I also had a personal goal list here.
So what are my highs and lows this month?
- I started saving money. As of right now, I have $120, untouched, in my savings account. Wanna know something awesome? It’s all tip money.
- I saw Ray at least once, this past weekend. While it sucks it’s always short lived, at least I still got to see him.
- I managed to organize my room a little. It’s nowhere close to where I wanted to go with it, but it’s hard when you lack the storage space to put everything.
- I did manage to read one book this month. It wasn’t anything amazing, but I did read it.
- I started a bullet journal.
- I’ve been going out about once a week.
- I still haven’t found my birth certificate, which means I’m going to have to spend money to buy a new one. Which I still haven’t done yet.
- I still haven’t bothered creating a new online portfolio.
- Found out I may not get to see Ray all that much in the next two months.
- I have this great guy, and I realized I’m crushing on a coworker.
- I’ve lacked motivation to start a daily workout/yoga.

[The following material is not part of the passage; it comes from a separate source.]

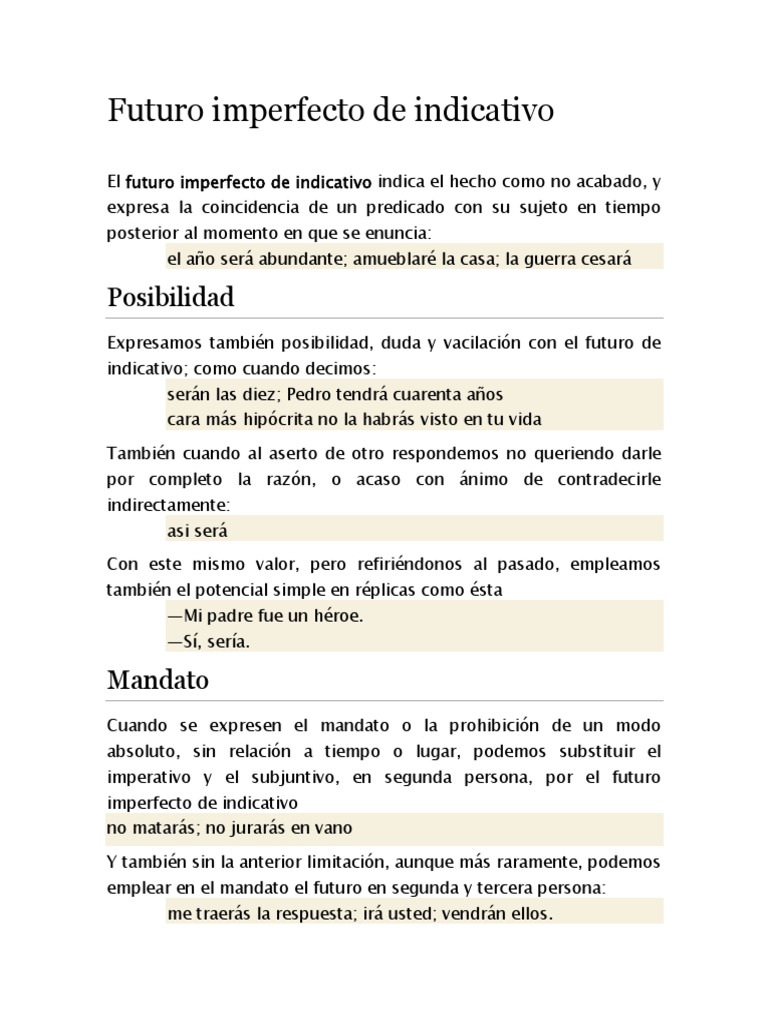 Futuro Imperfecto De Indicativo Pdf Verbo Morfología Lingüística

January was filled with ups and downs. I didn’t feel like I accomplished that much, but I guess I didn’t do as terrible as I thought. I’m working on it, slowly. When it comes to these cold and dreary days, it’s all about starting somewhere. I have so much I still would like to make happen, and I’m hoping February can bring me closer to where I need to be.

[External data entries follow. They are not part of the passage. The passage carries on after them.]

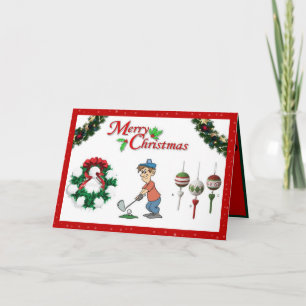 Golf Christmas Card with a Cartoon Figure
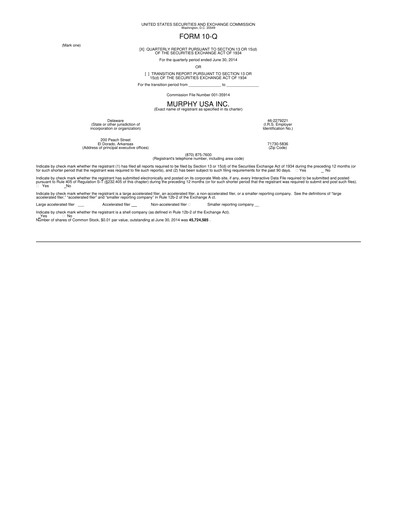 Miniature Murphy USA
 Rapport trimestriel 2014-q2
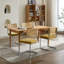Ensemble de 2 chaises de salle à manger, chaises d'appoint en velours avec dossier en canne naturelle et base en acier inoxydable, célèbres chaises conçues par Breuer, chaises de cuisine rembourrées en rotin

This month also made me realize that now, more than ever, I have no clue what I’m doing with my life. Like, honestly, I don’t know what I’m doing with anything. I feel stuck in this endless cycle. Something has got to give, because I can see how people wind up wasting their lives not doing what they love. It’s easy to get sucked into the cycle of responsibilities and a reliable job. It’s scary to embrace the real world and the stink of failure. And money, it’s so hard to start somewhere when you lack it. To those of you who have it, I hope you know how lucky you are.
February is going to be tough because I don’t even know if I’ll get to see Ray, which sucks. This distance thing is making everything even more difficult. But if anything, it’s motivation to get my ass in gear and do something about it. If I’m not happy, I need to strive to change my status. I need to make some moves.
How did you feel about January? Did it start off rough for you, too?